Goya Champuru

Recipe Goya Champuru


Cut goya (bitter gourd) in half lengthwise, use a spoon to scrape out the white spongy pulp and seeds. Slice onion thinly widthwise, rub with salt, rinse with water and wring.

For those who can’t eat bitter food, bitterness can be reduced by boiling in hot water.

Drain Momendofu (“cotton” tofu), divide into 8 pieces by hands, and put into a heat-resistant container. Heat the unwrapped container for 2-3 min. in a microwave and drain in a sieve.

Cut moyashi (sprouts) into large cuts and soak in enough water.

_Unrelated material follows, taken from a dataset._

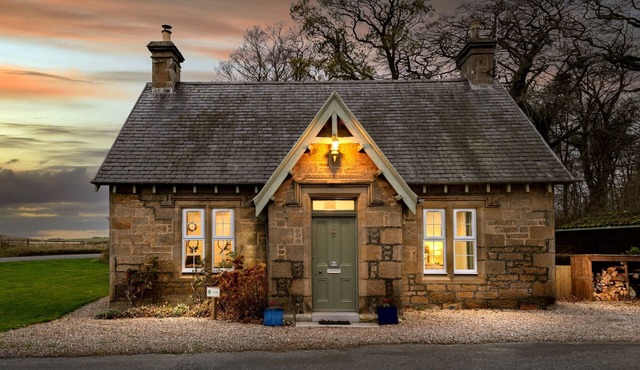 The Lodge on Scottish Estate - wood burner - dogs welcome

Trim off the root of nira (Chinese chive) and cut into 3cm(1.2 inch) length.

Cut pork into 4cm(1.5 inch) cubes, and sprinkle with salt and pepper.

Heat sesame oil in Chinese wok over high heat, cook pork evenly. Add goya after pork is browned and continue cooking.

Add momendofu (“cotton” tofu) , stir-fry, add chopped red pepper, drained moyashi, nira and stir-fry again.

When vegetables are slightly softened, add and stir-fry thoroughly. Pour in beaten eggs in a circular motion. When egg is half done, serve in a plate and sprinkle with dried bonito flakes.